Task statement: Take the line that contains "Historic Framed Print, The" and each line after it to the end of the data below, and set them down exactly, omitting pictures.

BEGIN Entries shown

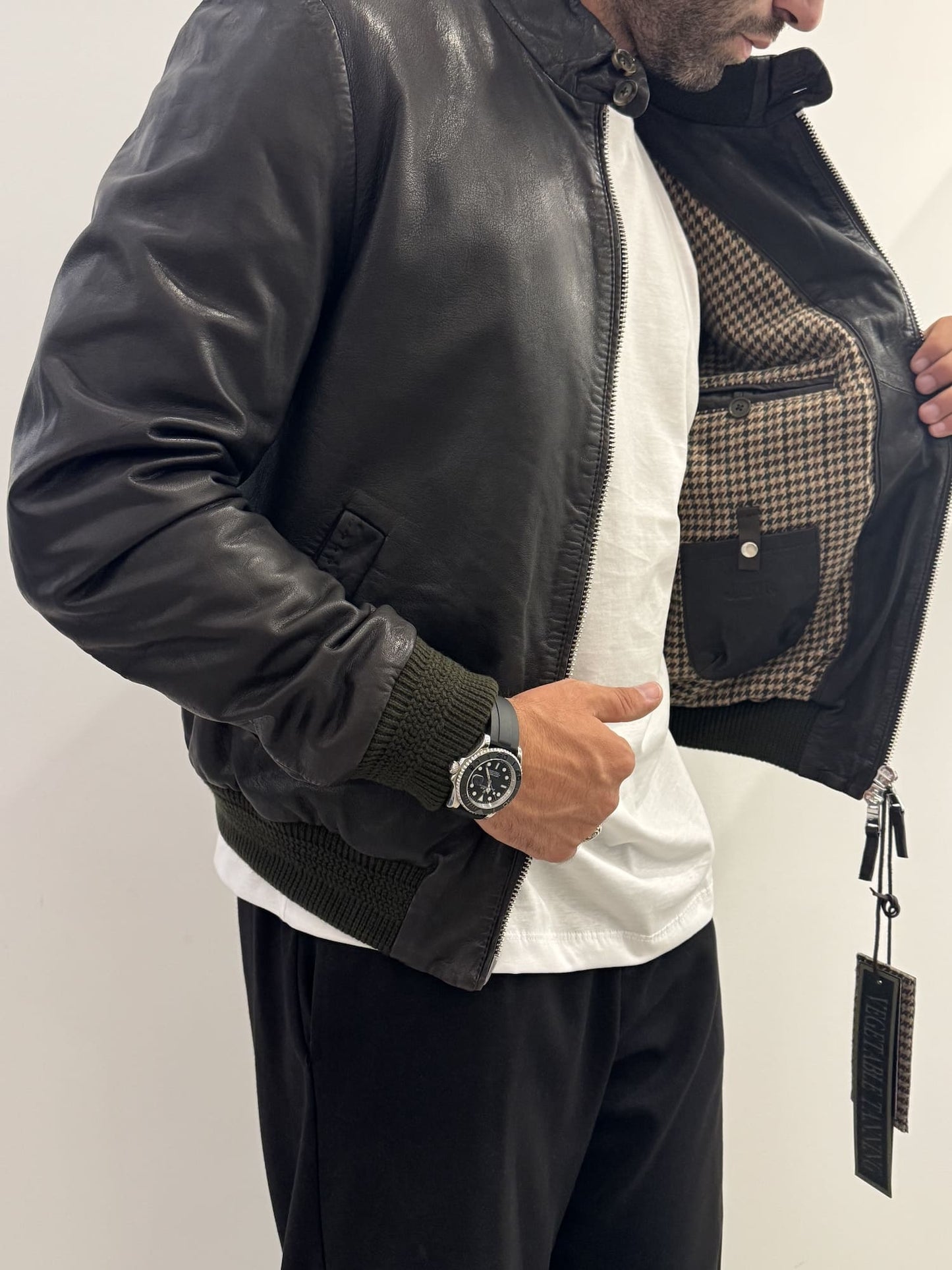 Giubbotto The Jack Leathers in vera pelle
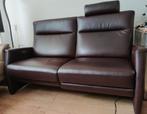 Prominent bruin leren bank met een hoofdsteun., Ophalen, Gebruikt, Leer, Modern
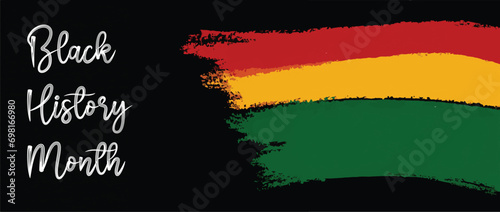 African Americans Black history month lettering with colorful pattern background vector illustration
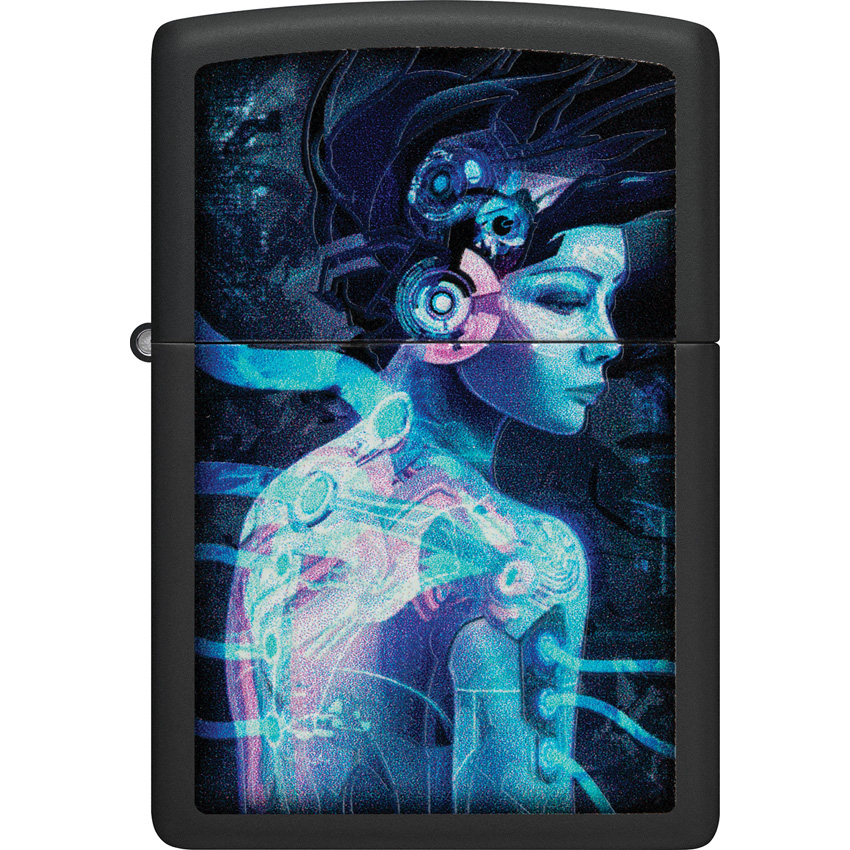 Zippo Cyborg Woman Design Zippo Cyborg Woman Design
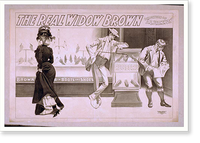 Historic Framed Print, The real Widow Brown - 2,  17-7/8" x 21-7/8"
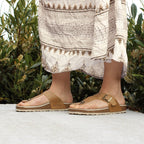 Minfot Noa Varvassandaalit Nahka Primo Soft Beige
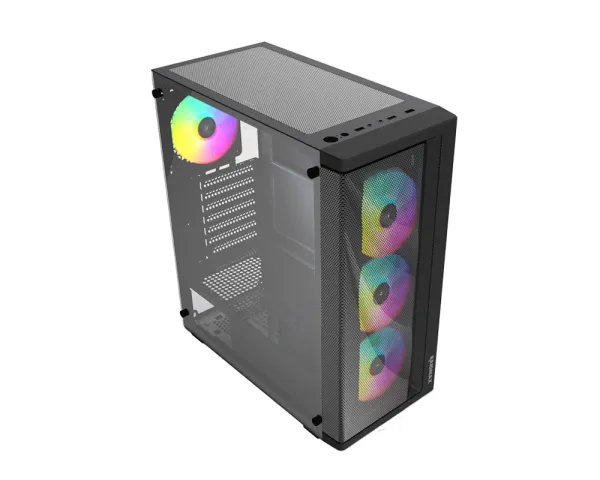 Kućište Raidmax Meshiah X922 S 4xRGB fan/Crni/X922TBS Slika 1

END Entries shown

Solution to the exercise:
 Historic Framed Print, The real Widow Brown - 2,  17-7/8" x 21-7/8"
 Minfot Noa Varvassandaalit Nahka Primo Soft Beige
 Kućište Raidmax Meshiah X922 S 4xRGB fan/Crni/X922TBS Slika 1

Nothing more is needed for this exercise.